The scientific objective of this project is the investigation of adaptation and adaptability of Cedrus brevifolia (Cyprus cedar) through the correlation of various datasets: genes diversity, morphological / anatomic traits and ecological indexes (soil conditions and climatic measurements). Hence, outcomes from this project aim to shed light on the adaptation process of Cyprus cedar in the course of many generations due to the interaction of several evolutionary processes (mostly selection owing to glaciations and demographic factors). In addition, through exhaustive sampling which will cover the whole natural habitat of Cyprus cedar, the patterns of gene and morphological adaptation at small-scale will be illustrated at the entire distribution of the sole population of Cyprus cedar.

The data pool which will be derived from this project will provide further understanding on the demographic history of C. brevifolia and will contribute towards deriving conclusions on how the species will genetically react to the anticipated climate changes. These data will also add new information for developing a genetic resources conservation strategy for the species, as well as a sustainable management for the species population in both in situ and ex situ levels.

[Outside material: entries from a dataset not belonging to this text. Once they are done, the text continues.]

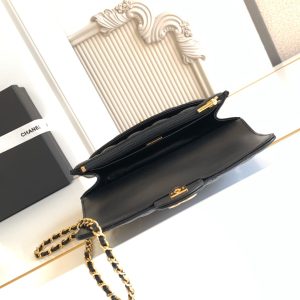 CC Handle Bag 19cm Double C Black Lambskin Gold Hardware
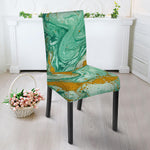 Green Gold Liquid Marble Print Dining Chair Slipcover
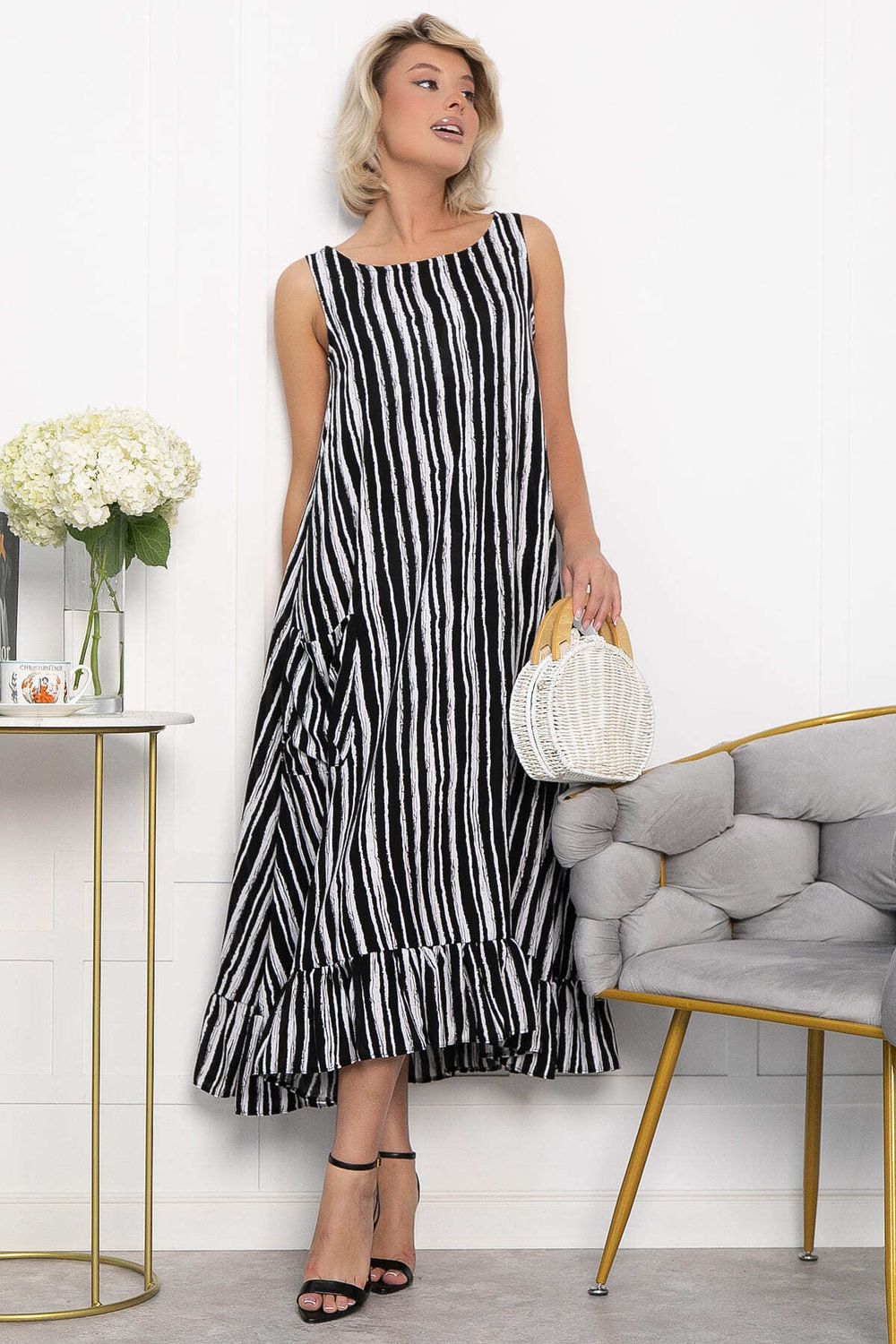 Сарафан Нимфа (черно-белый) П14052-10М LT Collection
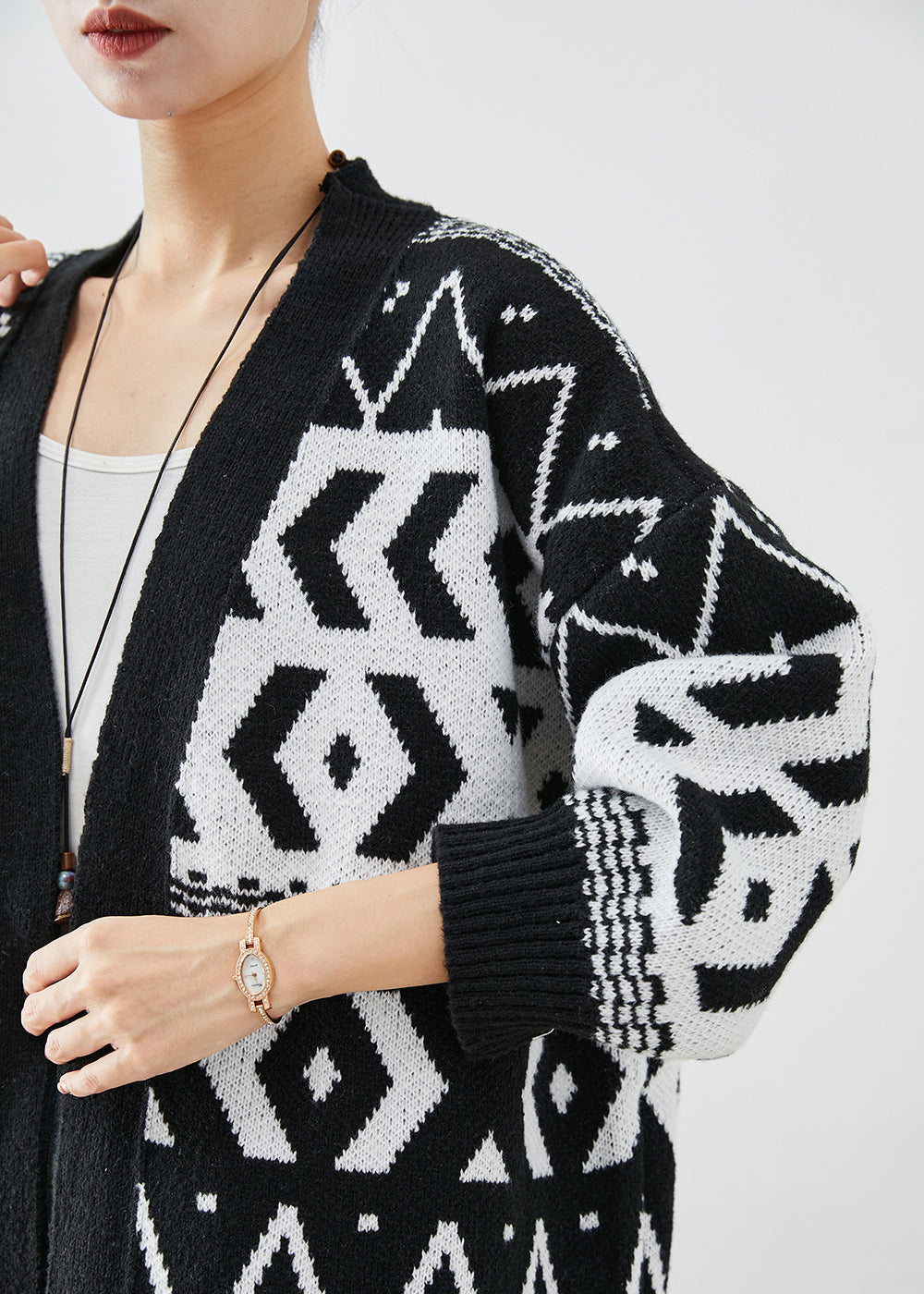 Black Oversized Print Knit Long Cardigans Fall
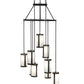 Meyda Lighting Cartier 35" 9-Light Wrought Iron Cascading Chandelier With White & Clear Shade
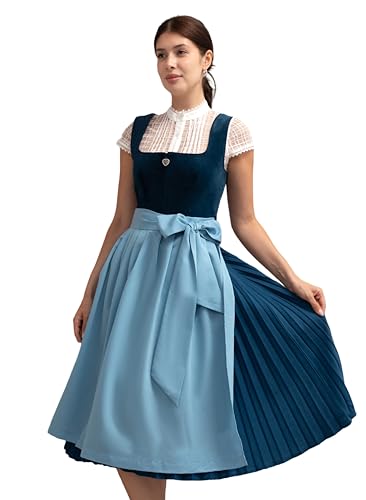 Kelliar Dirndl Damen 70cm Länge Knielang Eleganten Samt-Dirndl Blau Lang Dirndlschürze Modern Trachtenkleid Midi Dunkelblau Mit Seitentaschen Perfekt für Oktoberfest Damen Dirndlkleider, Größe 40 von Kelliar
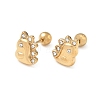 304 Stainless Steel Crystal Rhinestone Animal Cartilage Earrings SA-CBA1F7E-01G-01-2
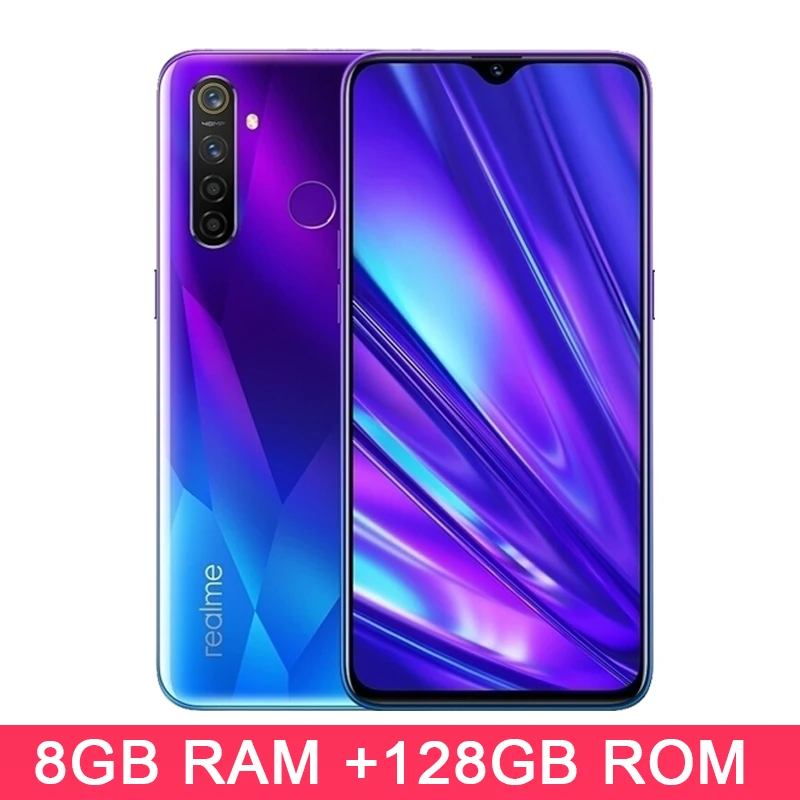 Realme Q 4 Гб 64 Гб ПЗУ 6,3 ''мобильный телефон Snapdragon 712AIE Восьмиядерный 48MP четырехъядерный мобильный телефон VOOC 20W быстрое зарядное устройство - Цвет: 8GB 128GB Blue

Finally, the project aims to indirectly assess the gene genealogies and effect of mutations and evolution on the Cyprus cedar genome, and to examine the hypothesis whether selection and drift do not act on the same genes, and whether a strong selection process can remain unnoticed at neutral markers if bottlenecks are not too strong, using previous data from neutral markers.


The project
's objectives and aims will be carried out by investigating the sequence of numerous adaptive genes in the C. brevifolia genome. Nowadays, comparative sequencing is the ultimate method to detect variation within any DNA fragment, in non-model organisms like trees, where most of the genomes are not yet sequenced. Thus, the most promising markers for the study of adaptation today are single nucleotide poylmorphisms (SNPs - namely the substitution of only one nucleobase). Hence, assessment of SNPs in adaptive genes is  valuable when studying adaptation of plants to changing environmental conditions.